> _Input material_:
_ _ _ _ _
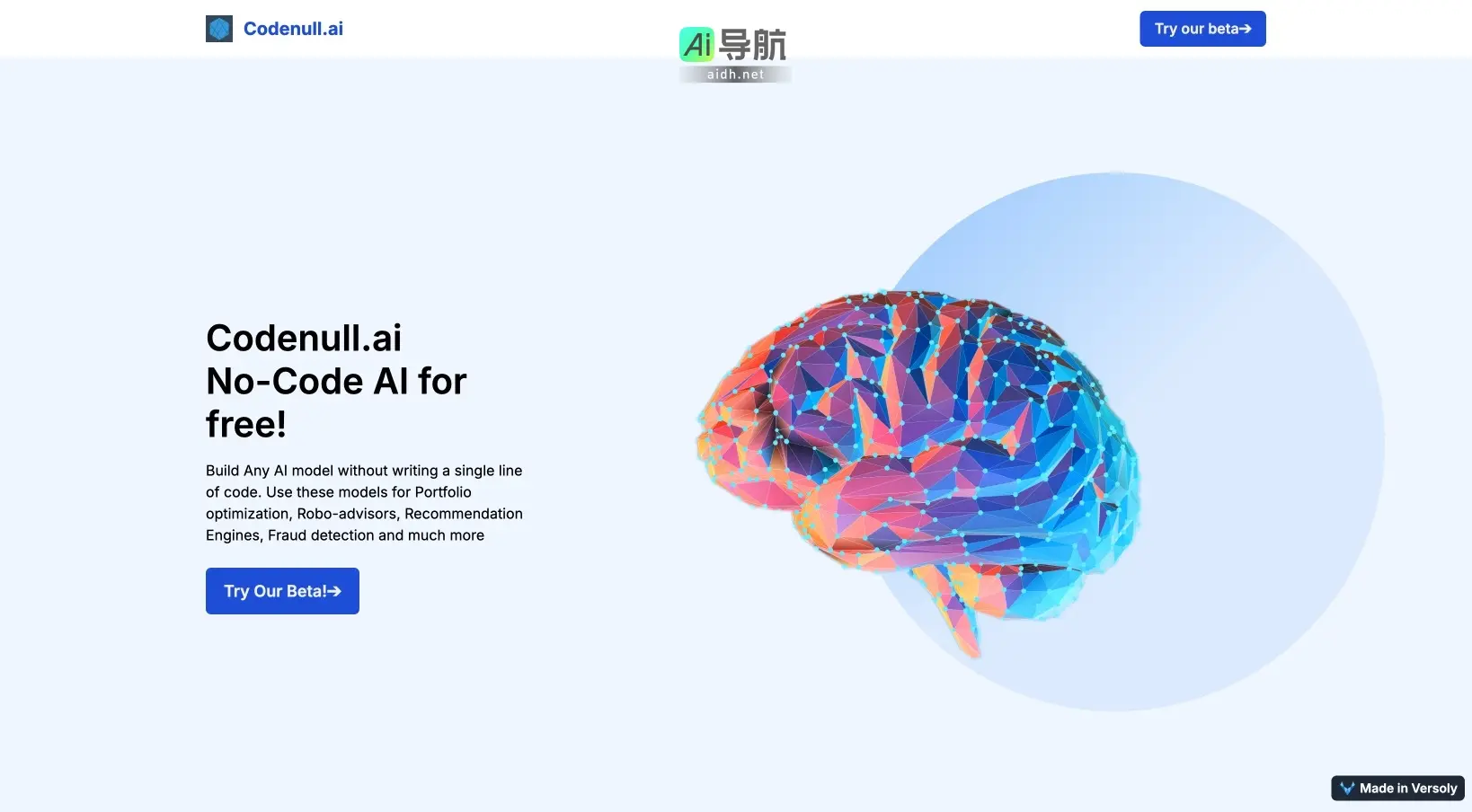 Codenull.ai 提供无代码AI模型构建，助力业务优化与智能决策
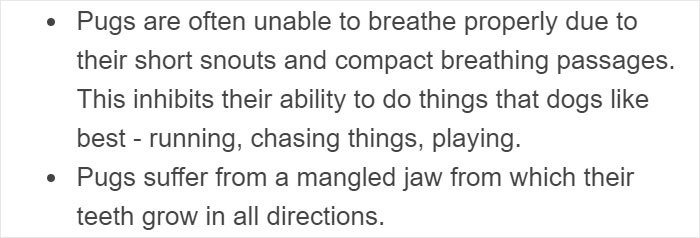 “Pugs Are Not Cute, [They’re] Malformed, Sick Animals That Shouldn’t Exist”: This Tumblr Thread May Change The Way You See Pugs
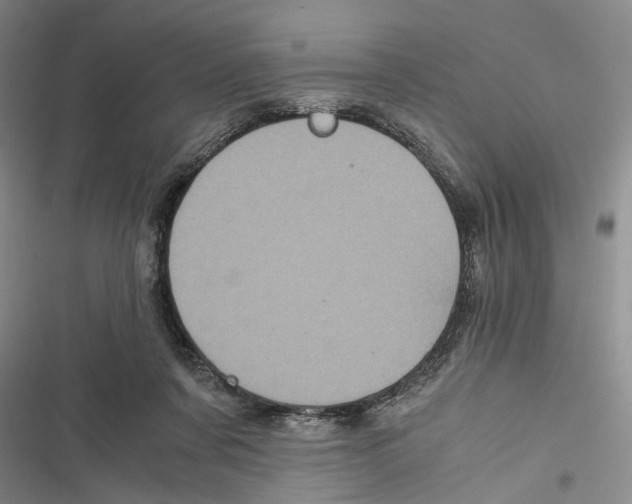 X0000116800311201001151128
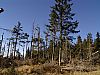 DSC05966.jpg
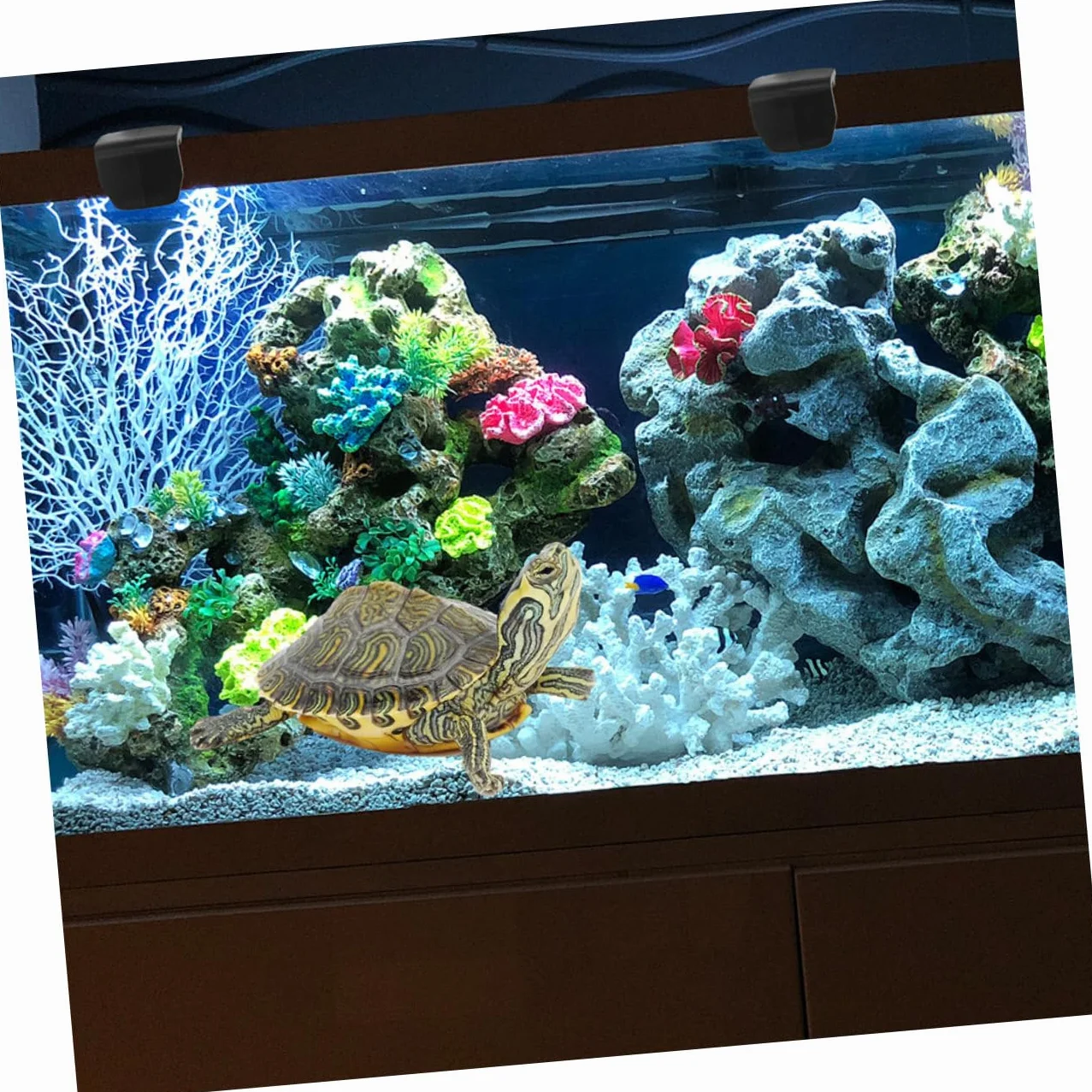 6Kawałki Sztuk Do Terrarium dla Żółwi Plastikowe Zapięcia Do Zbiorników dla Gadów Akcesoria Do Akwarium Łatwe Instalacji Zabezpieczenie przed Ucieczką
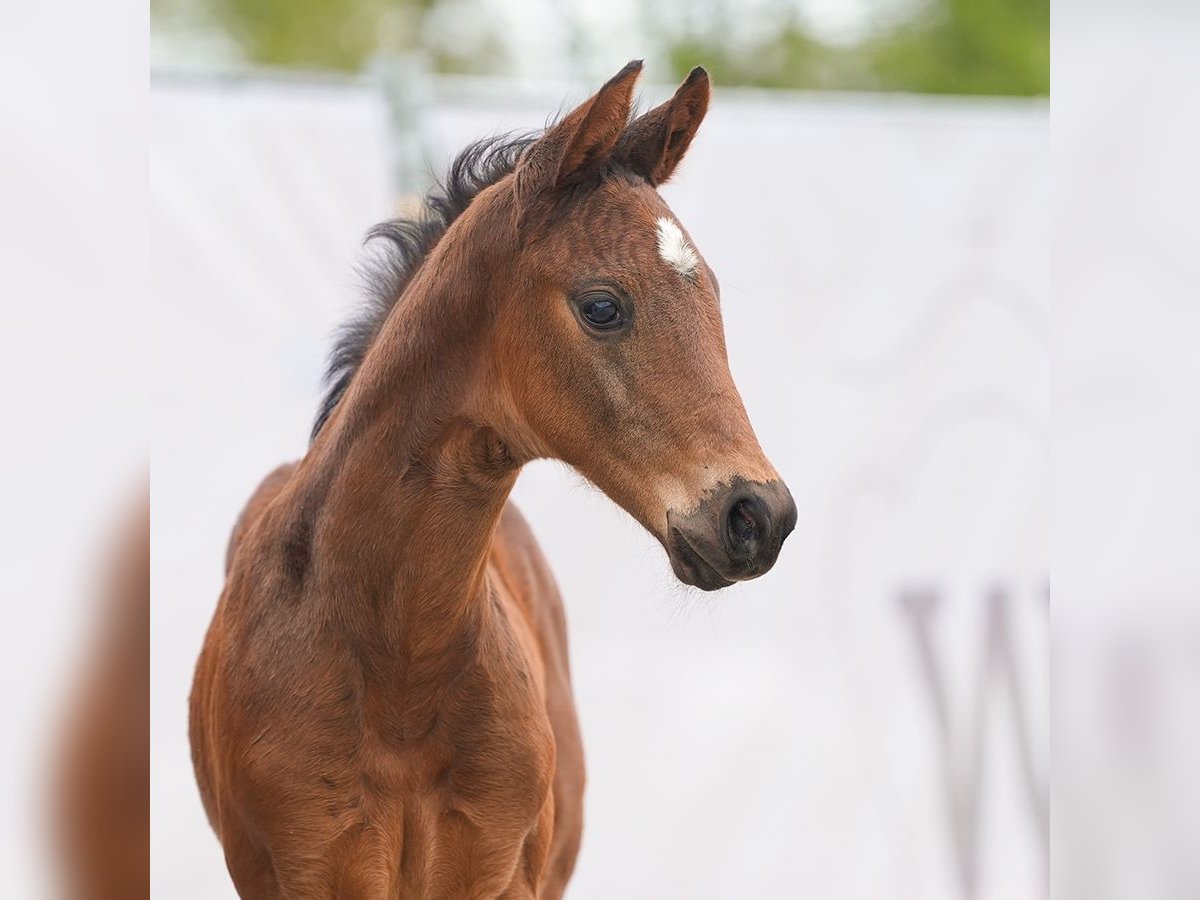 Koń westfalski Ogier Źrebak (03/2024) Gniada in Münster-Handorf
_ _ _ _ _
> _What is being asked_: Nothing but the lines from the line with "You See Pugs" through the last line of the listing should be copied, exactly and with both ends kept. Leave pictures out.

> _Written reply_:
 “Pugs Are Not Cute, [They’re] Malformed, Sick Animals That Shouldn’t Exist”: This Tumblr Thread May Change The Way You See Pugs
 X0000116800311201001151128
 DSC05966.jpg
 6Kawałki Sztuk Do Terrarium dla Żółwi Plastikowe Zapięcia Do Zbiorników dla Gadów Akcesoria Do Akwarium Łatwe Instalacji Zabezpieczenie przed Ucieczką
 Koń westfalski Ogier Źrebak (03/2024) Gniada in Münster-Handorf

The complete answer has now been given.